-
Notifications
You must be signed in to change notification settings - Fork 302
Description
In html5lib/inputstream.py, unicode_literals is imported from __future__. This causes html5lib.inputstream.BufferedStream to misbehave, specifically the _readFromBuffer method, which ends with return "".join(rv). Due to this being a unicode literal, any read from after the first becomes a chunk of unicode instead of a chunk of bytes.
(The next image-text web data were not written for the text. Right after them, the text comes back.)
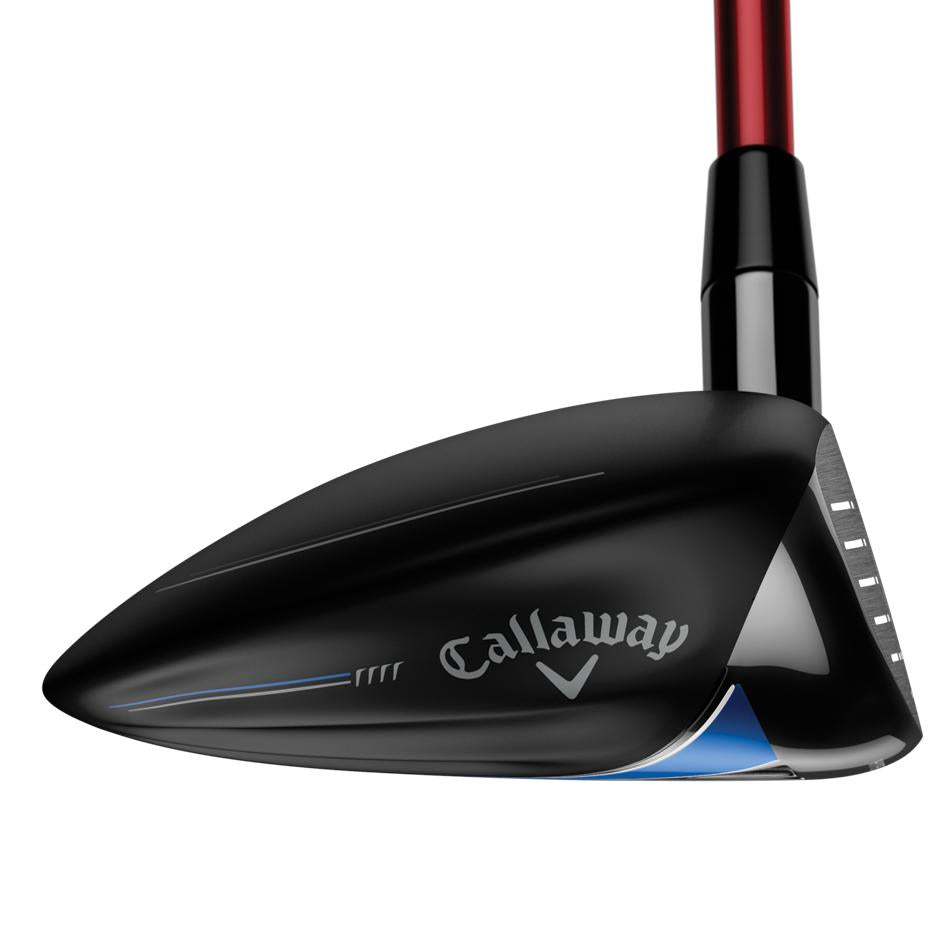 Women's XR 16 Fairway Wood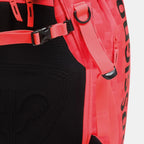 Sac pour bottes de ski Rossignol Hero Athletes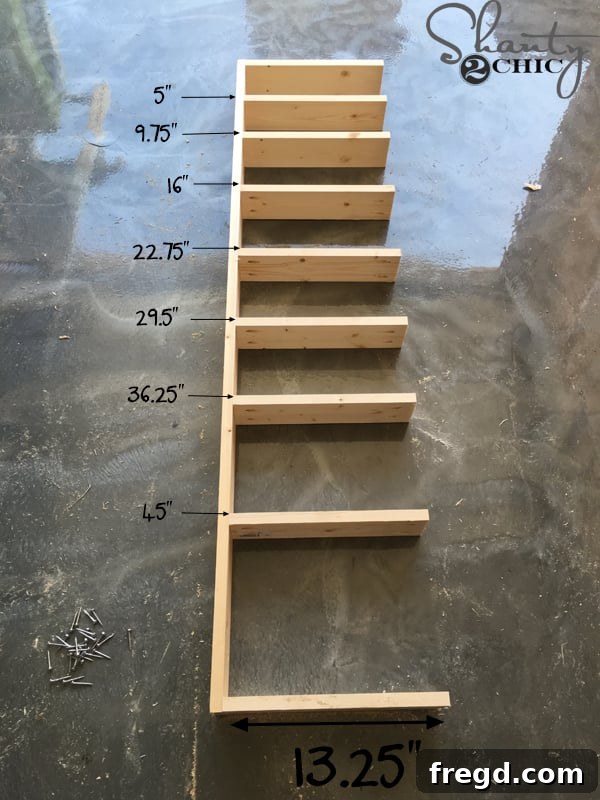 attach-shelves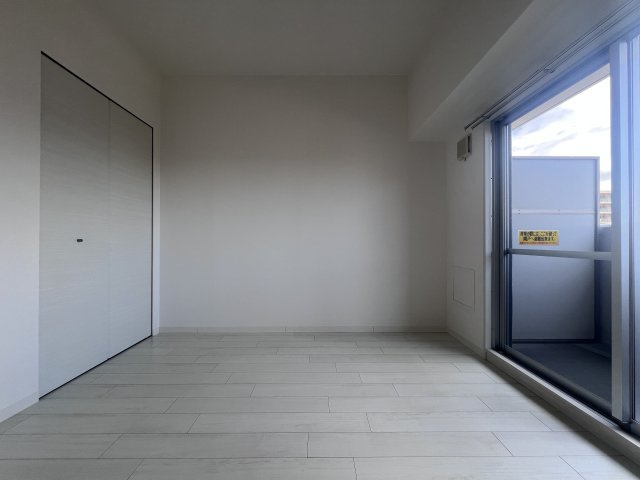 メインステージ須磨の子供部屋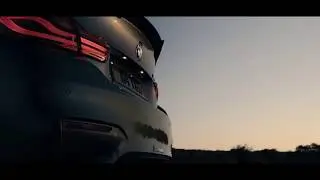 🔊 Tiësto & Sevenn - BOOM [BASS BOOSTED]  🔊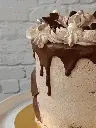 tarta-bosque-de-chocolate-2.webp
An example of the problem caused:
from urllib2 import Request, urlopen
from html5lib.inputstream import HTMLBinaryInputStream
req = Request(url='http://example.org/')
source = urlopen(req)
HTMLBinaryInputStream(source)Causing:
Traceback (most recent call last):
File "<stdin>", line 6, in <module>
File ".../html5lib/inputstream.py", line 411, in __init__
self.charEncoding = self.detectEncoding(parseMeta, chardet)
File ".../html5lib/inputstream.py", line 448, in detectEncoding
encoding = self.detectEncodingMeta()
File ".../html5lib/inputstream.py", line 535, in detectEncodingMeta
assert isinstance(buffer, bytes)
AssertionError(That is, when HTMLBinaryInputStream is used with a file-like object (such as the result of urllib2.urlopen), it wraps it in a BufferedStream, which then fails (at line 535) with the assert isinstance(buffer, bytes).)
This can be fixed by using a byte literal in _readFromBuffer, instead, i.e. return b"".join(rv). (There are at least three places in inputstream.py where string literals are used like this: at lines 117, 318 and 348.)